◆ **What needs to be done**
Repeat the data below exactly, dropping any pictures it holds.

◆ **Records for the exercise**
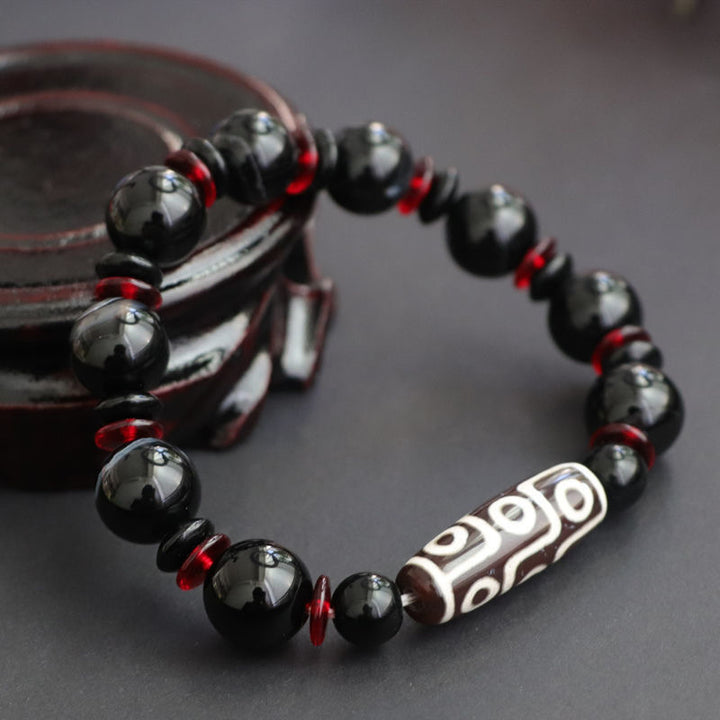 Bransoletka z Buddha Stones z czarnego onyksu i dziewięcioocznych koralików Dzi, chroniąca bogactwo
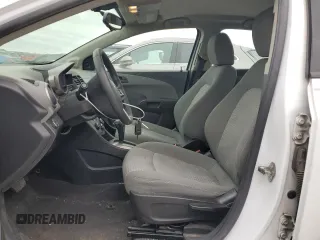2015 Chevrolet Sonic LS with VIN 1G1JA5SH4F4165108, listed as a Copart auction lot 57299985 with 117,669 mi miles and Clean title. Bid and sale history available at DreamBid. Image 7.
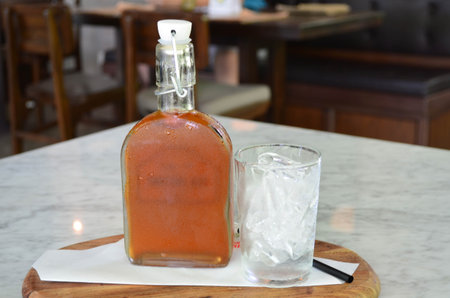 Rose iced tea in glass bottle with a glass of ice on wooden boardの写真素材
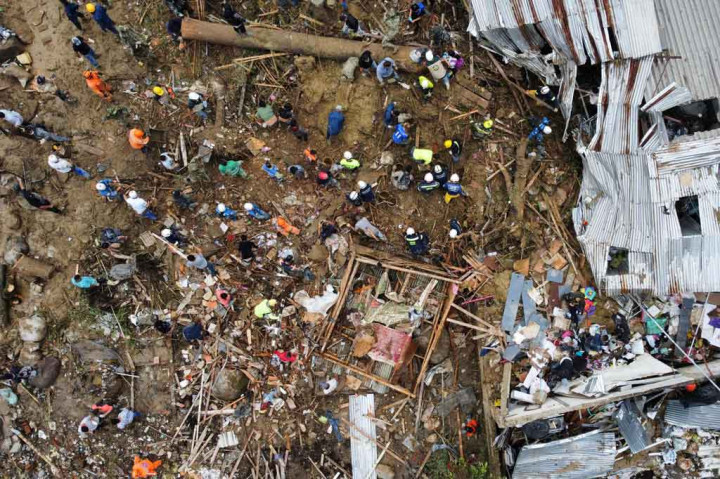 Petugas dibantu warga berusaha mencari korban yang tertimbun longsor di Pereira, Risaralda, Kolombia, Selasa, 8 Februari 2022 waktu setempat. Sedikitnya 11 orang meninggal dunia dan 35 lainnya terluka akibat tanah longsor yang dipicu oleh hujan lebat di Kolombia.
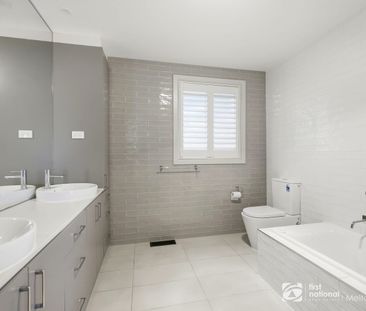 Stylish Renovated Home Offering Comfort and Space - Photo 6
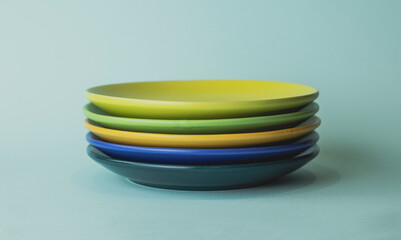 colored plates in a stack. saucers of different colors stand in a row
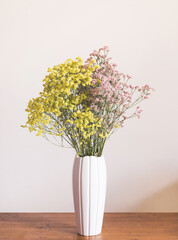Dried pink and yellow flowers in white vase against white wall. Home interior autumn decor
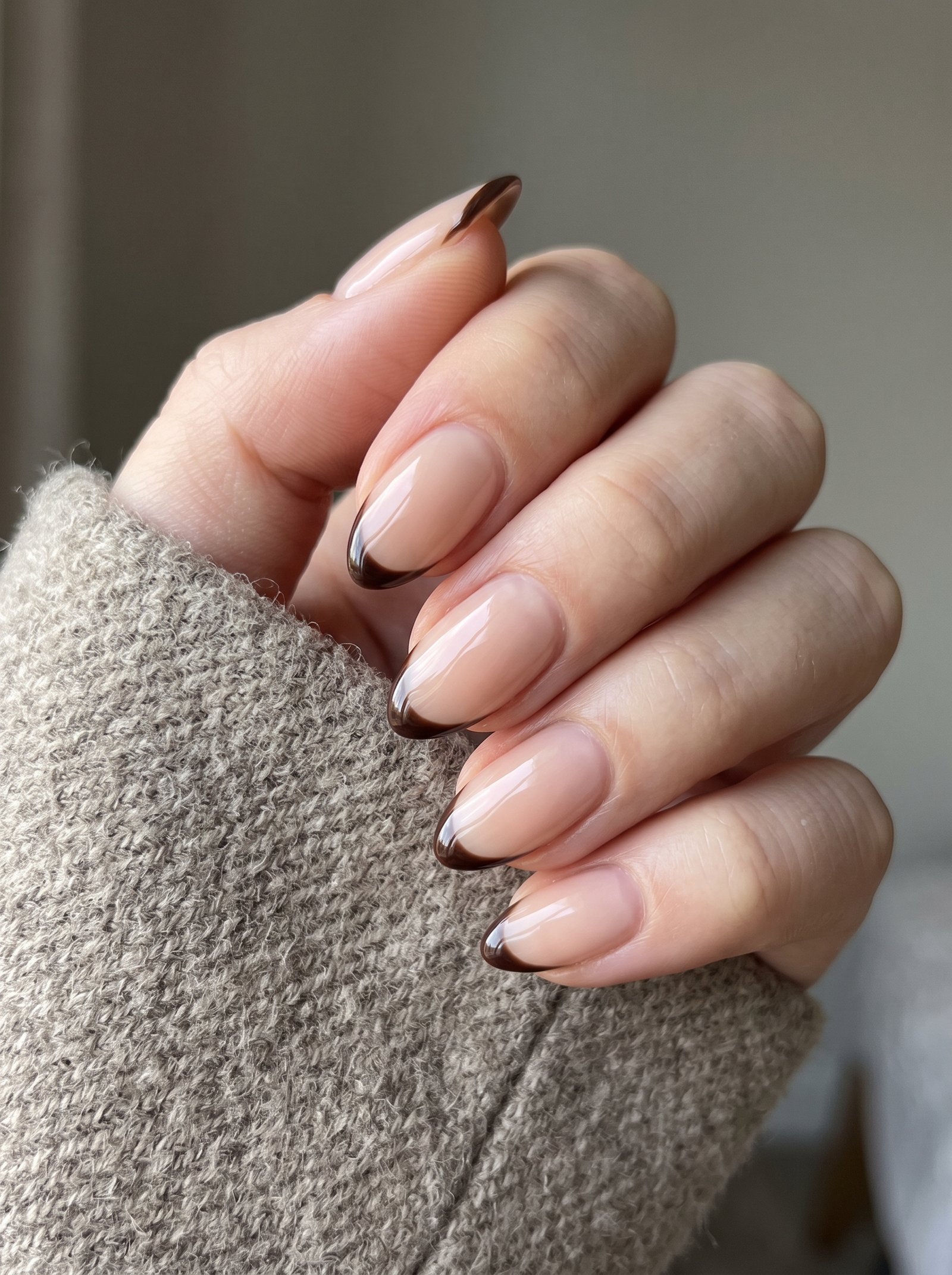 Dark roast espresso micro-French tips showcasing minimalist fall nail designs 2026 at NailàCarte.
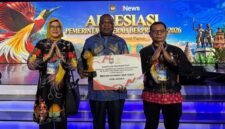 Pj Sekda Mimika Abraham Kateyau memegang penghargaan didampingi dua pejabat eselon di lingkungan Pemkab Mimika. (Foto: Pemkab Mimika)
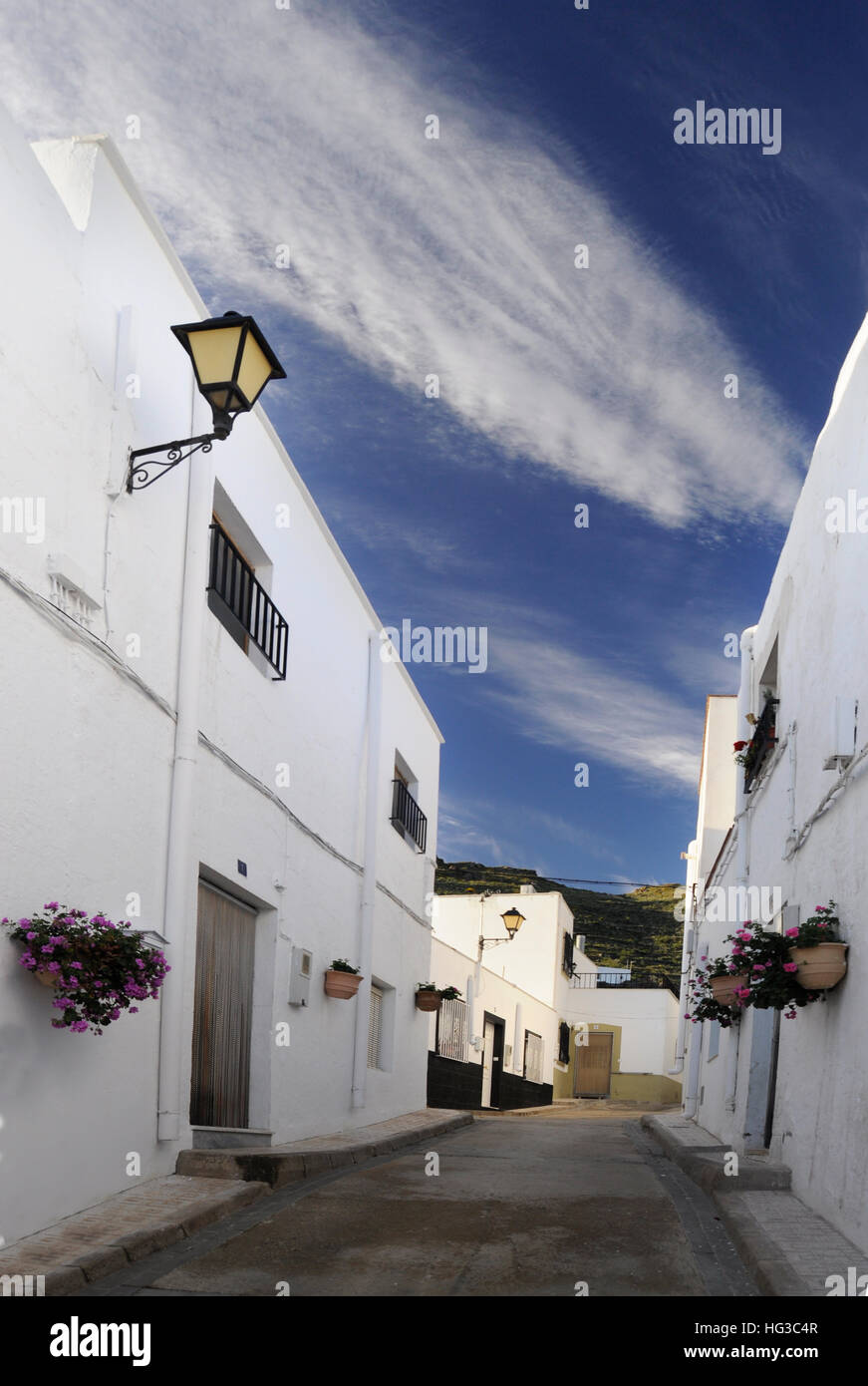 Alley of Andalusian village under the blue sky Stock Photo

◆ **Answer below**
 Bransoletka z Buddha Stones z czarnego onyksu i dziewięcioocznych koralików Dzi, chroniąca bogactwo
2015 Chevrolet Sonic LS with VIN 1G1JA5SH4F4165108, listed as a Copart auction lot 57299985 with 117,669 mi miles and Clean title. Bid and sale history available at DreamBid. Image 7.
 Rose iced tea in glass bottle with a glass of ice on wooden boardの写真素材
 Petugas dibantu warga berusaha mencari korban yang tertimbun longsor di Pereira, Risaralda, Kolombia, Selasa, 8 Februari 2022 waktu setempat. Sedikitnya 11 orang meninggal dunia dan 35 lainnya terluka akibat tanah longsor yang dipicu oleh hujan lebat di Kolombia.
 Stylish Renovated Home Offering Comfort and Space - Photo 6
 colored plates in a stack. saucers of different colors stand in a row
Dried pink and yellow flowers in white vase against white wall. Home interior autumn decor
 Dark roast espresso micro-French tips showcasing minimalist fall nail designs 2026 at NailàCarte.
 Pj Sekda Mimika Abraham Kateyau memegang penghargaan didampingi dua pejabat eselon di lingkungan Pemkab Mimika. (Foto: Pemkab Mimika)
 Alley of Andalusian village under the blue sky Stock Photo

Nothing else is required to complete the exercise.